What are the best books to learn topology and representation theory?

[linkedlister]

Hello,

I have a general interest in teaching myself topology to build up to moving onto Representation theory. I have chosen M.A. Armstrongs's book "Basic Topology" as my start.

My Question... where would you all recommend I go from there. I took top in undergrad and that was the book we used. What are some other highly recommended books on the subject. And what other books do you suggest to get me up to speed and over to my goal of reading through a book on Lie algebras -- or did I miss my mark and should have gone for geometry?

 

[linkedlister]

I see i may have posted this in the wrong forum .. I will repost in learning materials..

 

[linkedlister]

Unfortunately i do not have permission to post a question in the Learning materials forum group... so if anyone could post answers to the question here - it would be most appreciated.

 

[Tinyboss]

Topology by Munkres is fantastic.

 

[micromass]

Why have you chosen for armstrong's book?? The book is horrible, I wouldn't recommend it to anybody. Sure, if you know a bit of topology already, then armstrong's book could be good. But don't try to use it to teach yourself.

Go for Munkres instead, it's a wonderful book especially suited for self-study!

 

[Fredrik]

There's a science book forum. You can use the report button to request that the thread be moved there. And yeah, Munkres.

 

[Landau]

Munkres or Armstrong? Nah... (I don't like Armstrong's writing style, just like his Groups & Symmetries. Munkres' book has a slow pace, but is extensive.)
Willard or Jänich...yeah!

 

[lavinia]

Hello,

I have a general interest in teaching myself topology to build up to moving onto Representation theory. I have chosen M.A. Armstrongs's book "Basic Topology" as my start.

My Question... where would you all recommend I go from there. I took top in undergrad and that was the book we used. What are some other highly recommended books on the subject. And what other books do you suggest to get me up to speed and over to my goal of reading through a book on Lie algebras -- or did I miss my mark and should have gone for geometry?

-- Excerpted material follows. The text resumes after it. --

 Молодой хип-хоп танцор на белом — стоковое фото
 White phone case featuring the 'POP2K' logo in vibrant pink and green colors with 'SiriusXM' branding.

I believe that topological ideas arise naturally in the study of complex analysis. That's what I would do not knowing anything about your long term goals.

 

[quasar987]

I don't recommand Munkres for self study as it contains too much stuff you'll never need use or see again in your life. If you had someone tell you exactly what part of general topology are relevant for your long term goalds, ok, but otherwise, how would you know that you're wasting time reading about T¼ spaces?

If your goal is to understand Lie groups and their Lie algebra, then what you need is the general theory of smooth manifolds. IMO, the shortest and easiest way to do this is to read John Lee's Introduction to Smooth Manifolds where Lie algebras of Lie groups are introduced as early as page 93. Since you've taken topology as an undergrad, you can read the appendix on topology to refresh your memory, or pick up Lee's Introduction to Topological Manifolds, which tells you what you need to know and skip the rest.

 

[Landau]

If you quickly want to learn about Lie algebra's, you don't even need to know about smooth manifolds (the relation between Lie groups can come later). Pick up Hymphrey's "Introduction to Lie Algebras and Representation Theory", the only prerequisite is a decent algebra background. Or even better, take up Erdmann's Introduction to Lie Algebras.

 

[mathwonk]

there is a little section on linear groups in the book Algebra, by Michael Artin which only uses a little topology. See if you can read that.

 

[Fredrik]

Lie groups, Lie algebras, and representations: an elementary introduction, by Brian Hall completely avoids differential geometry by focusing on Lie groups whose members are matrices. This includes almost all groups that are relevant in physics.

I completely agree with what quasar987 said about Munkres and Lee. (Munkres is great, but it contains a lot of stuff you don't need. Lee's books are excellent).

You don't really need topology for the stuff about Lie groups and Lie algebras. You just need a little to understand the definition of a manifold.